Dataset records:
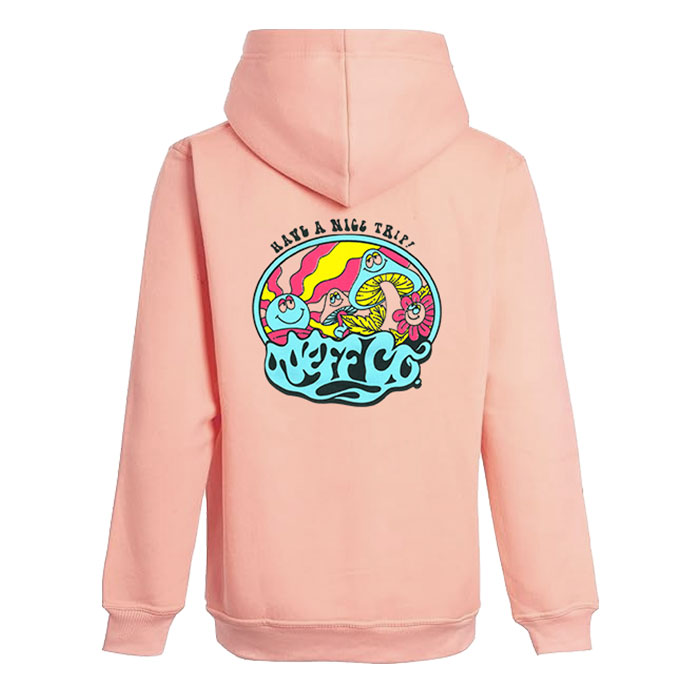 Women's Pink Neff Co. Have a Nice Trip Back Pattern Hoodie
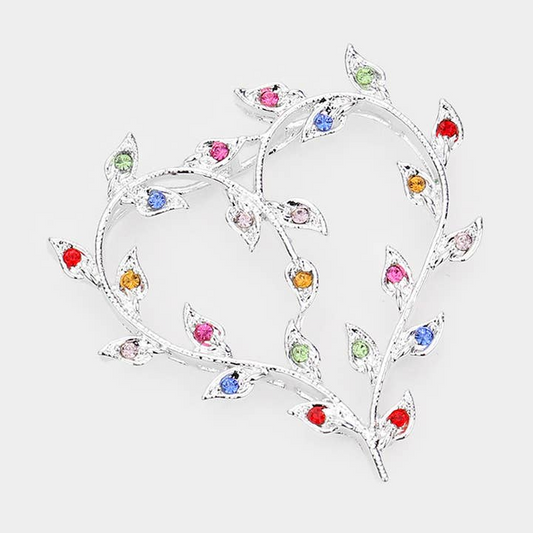 Leaf Cluster Heart Pendant Necklace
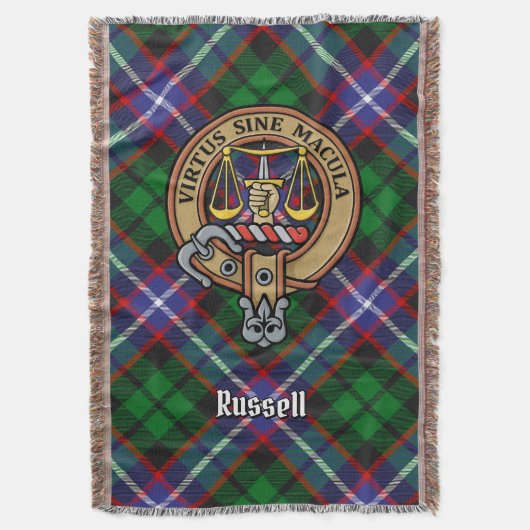 Clan Russell Crest over tartan Deken (Voorkant Verticaal)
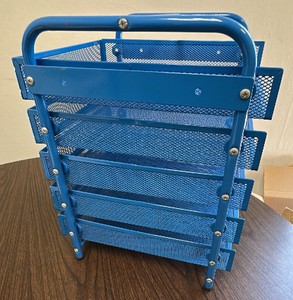 Blue mesh tray filing cabinet
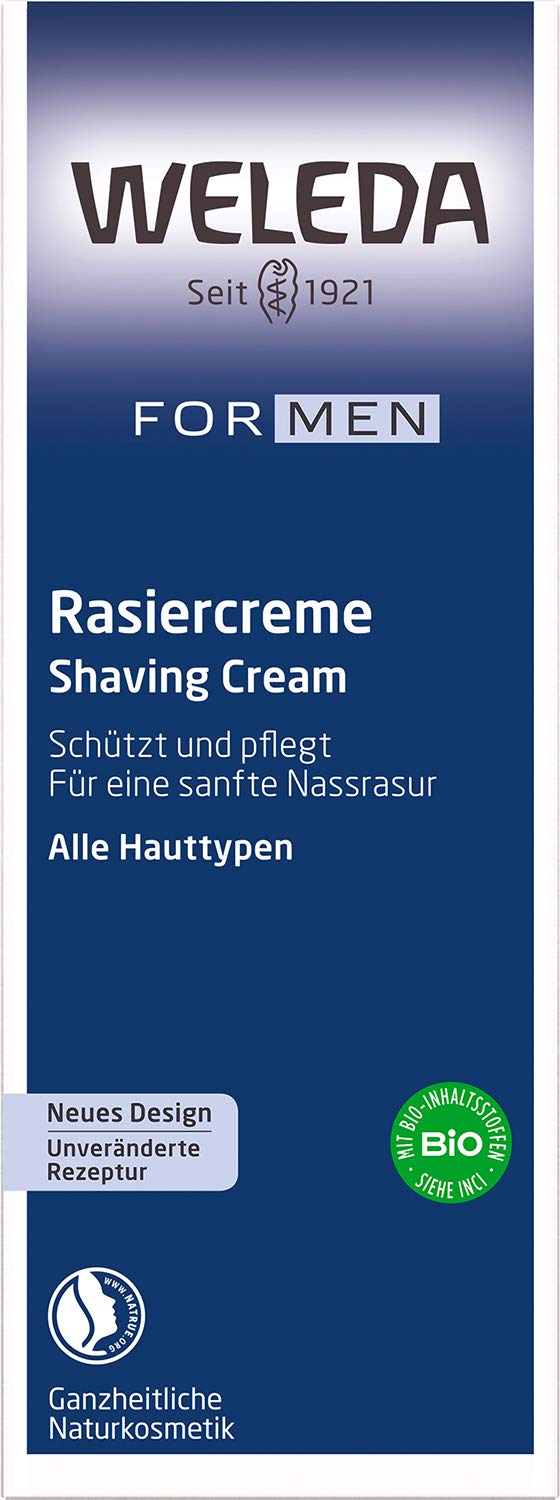 WELEDA Bio FOR MEN Rasiercreme, Naturkosmetik Rasierschaum für die Pflege und den Schutz der Haut bei Nassrasuren, sanfter Schaum für eine schonende Rasur für Männer (1 x 75 ml)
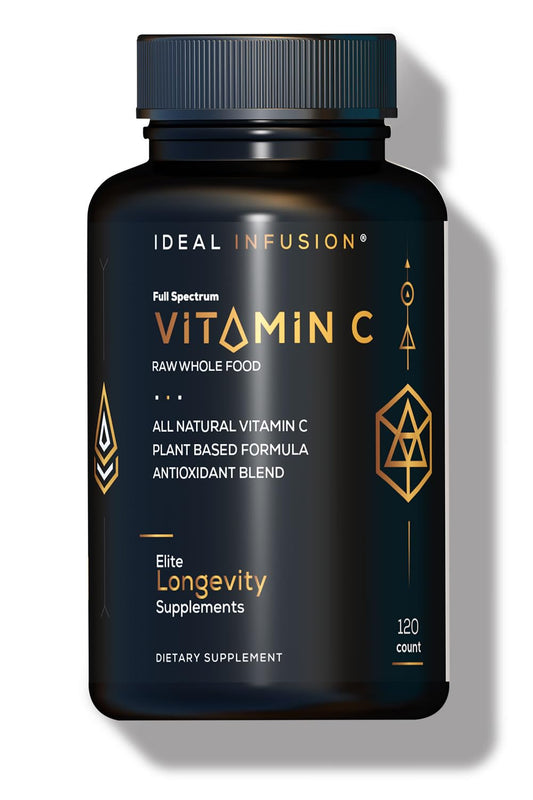 Bottle with Ideal Infusion Whole Food Vitamin C Complex label
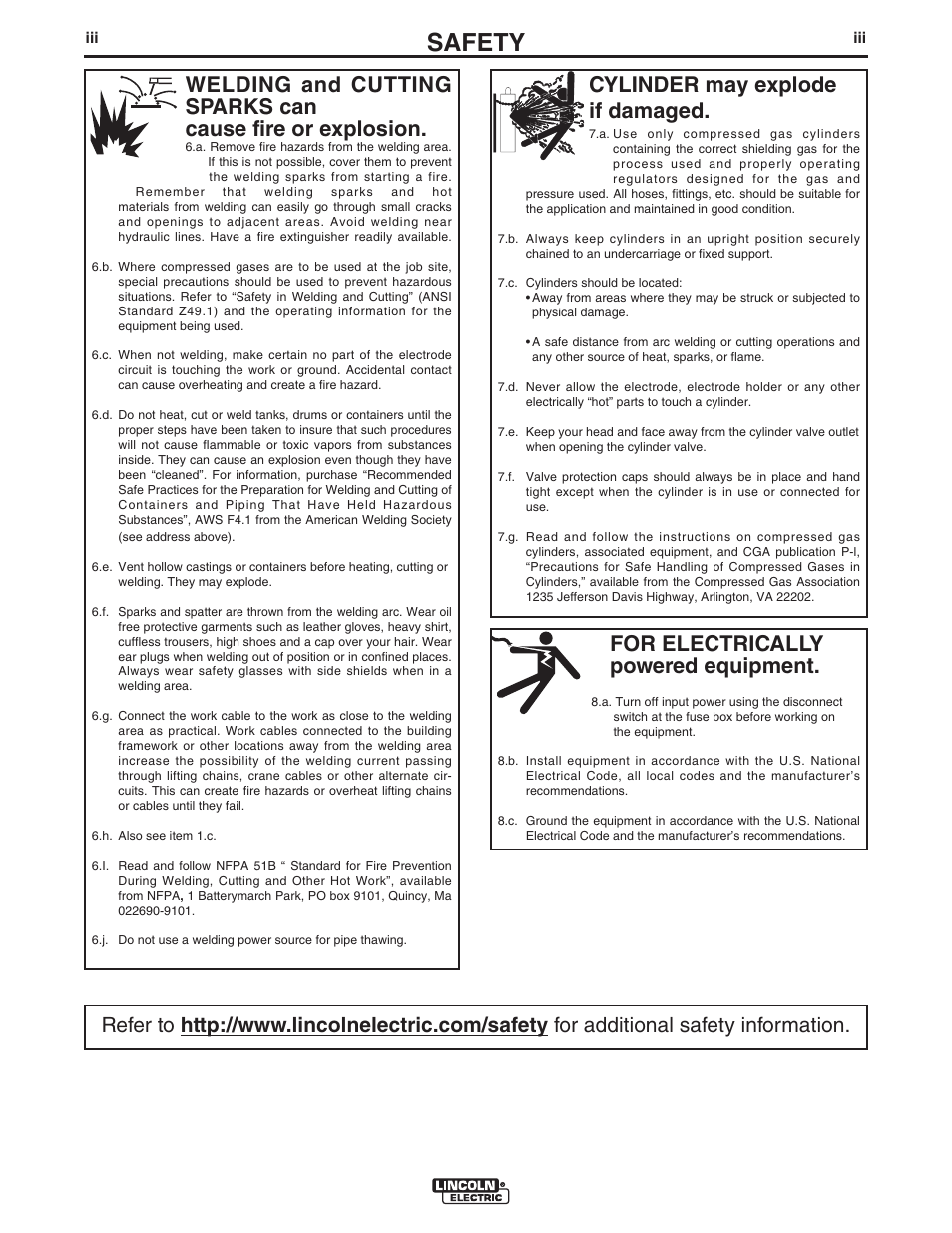 Safety, For electrically powered equipment, Cylinder may explode if damaged | Lincoln Electric IM351 LN-7 GMA Wire Feeder User Manual | Page 4 / 62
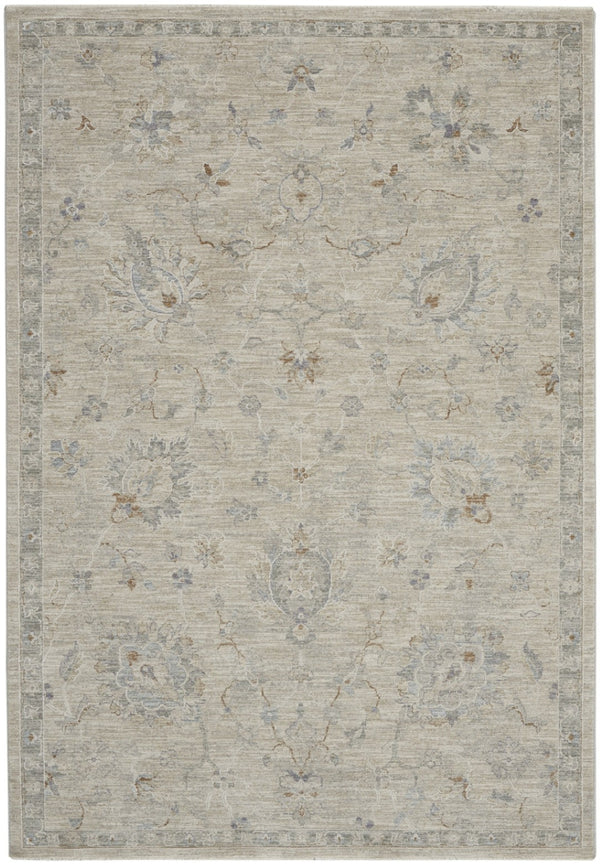 HomeRoots 5' Beige and Gray Floral Medallion Area Rug - Timeless Style for Living Rooms and Dining Spaces 5' X 8' 550945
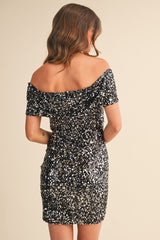 KAYLA - OFF SHOULDER SEQUIN MINI DRESS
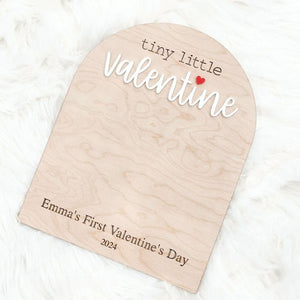 our little valentine wooden sign, baby's first valentine's day, baby feet keepsake, tiny little valentine sign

Problem requirements:
Where the line containing "HomeRoots 5' Beige" appears, begin writing out the lines word for word, and continue through the last line of the data, leaving out pictures.

Task result:
 HomeRoots 5' Beige and Gray Floral Medallion Area Rug - Timeless Style for Living Rooms and Dining Spaces 5' X 8' 550945
 KAYLA - OFF SHOULDER SEQUIN MINI DRESS
 our little valentine wooden sign, baby's first valentine's day, baby feet keepsake, tiny little valentine sign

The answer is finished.